The present uses the 'e'-grade because the present was originally stressed on the root vowel. So, in the case of "sing", the original form was "*senghw-" (the star means that the form was reconstructed but not actually attested). In the past, we run into a problem. Modern English has only one vowel for the past, in the case of "sing" this is "sang". Historically, though, there were actually two forms, one for the singular and one for the plural. The two forms in Old English were "sang" and "sungon". The two forms in Indo-European were "*sesonghwa" and "*(se)snghwme" (it looks unpronounceable, but the 'n' is actually its own syllable, much like the "en" in "eaten"). In the first form, the stress was on the "se" (the so-called reduplicated syllable), with the main vowel having partial/secondary stress, so it became an 'o'. In the second form, the stress fell on the ending "-me" (which means "we"), and left the main vowel in a weakly stressed position, which means that it disappeared. Why the stress fell where it did isn't know for sure, but the fact that it fell in different places is important because that determined the vowel. Note: In Germanic, the syllabic 'n' became "un", producing "sung-".
English has since eliminated most endings, such as "me" and "a", as well as all traces of reduplication (the process of doubling the initial consonant and vowel of a word - for example "*senghw-" -> "*sesongwha"). Modern English has also gotten rid of the distinction between singular and plural in the past tense of all verbs, with one or the other taking over. In the case of "sing", the singular form took over. In other verbs, such as "bite", the plural form took over ("bit" instead of "*bote").
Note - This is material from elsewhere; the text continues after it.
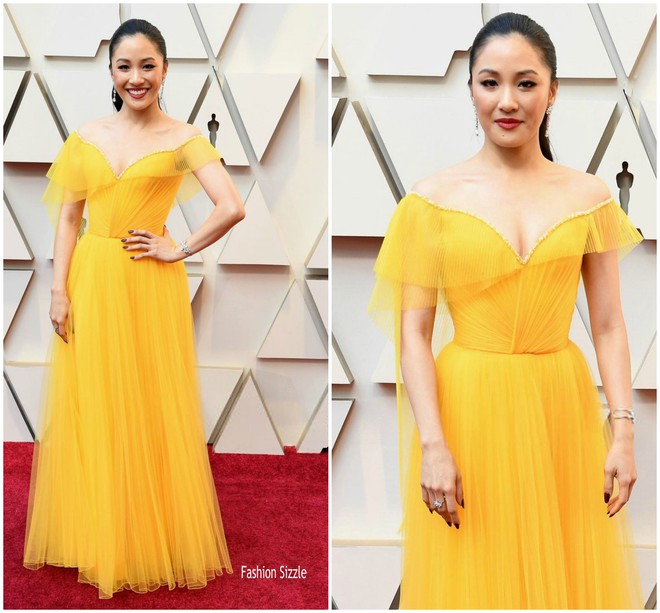 Lớ ngớ vớ huy chương như Constance Wu: ăn mặc nhạt như... nước ốc nhưng vẫn được khen ngợi hết lời - Ảnh 1.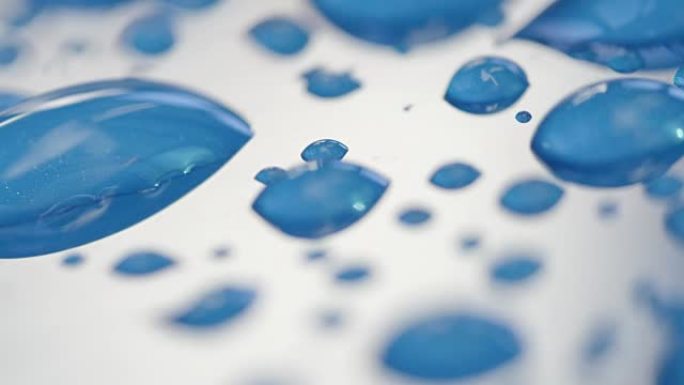 Doof，宏观，收起大大小小的雨滴，雨后照耀蓝色表面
There were six classes of strong verbs in Germanic, and a seventh class that became strong in most Germanic languages. In English, only one of the classes has died out. But sound changes have split the classes into subgroups and created a host of semi-irregular forms that make the whole strong verb system essentially irregular. However, there are still patterns, some that people notice, like when they say "bring brang brung" on analogy with "sing sang sung" or "think thank thunk" from "sink sank sunk". These are all examples of class III strong verbs. Other members include "swim" and "ring". Class I strong verbs include "write wrote written", "bite bit bitten", "ride rode ridden". Class II strong verbs include "freeze froze frozen", "break broke broken" (originally class IV) and "choose chose chosen". Class V strong verbs include "eat ate eaten", "give gave given" (originally class III). Class VI strong verbs include "take took taken", "shake shook shaken". Class VII strong verbs include "blow blew blown", "know knew known". The actual
One thing to note is that most strong verbs are very common. They are not common because they are strong but rather strong because they are common. Words in common use resist regularization. So "man men", a very common word, has not changed over to a more regular "man *mans". But words that are used more infrequently, or are newer (this includes nearly every borrowed word, of which there are a lot in English), follow the rules. And words which used to be irregular, but were not in frequent usage, became regular. "Carve" used to be a class III strong verb, but it is now weak: "carve carved carved". And the most often used verb "be" is the most irregular as it has hung on to all sorts of forms throughout its history. In fact, it is formed from three different verb stems.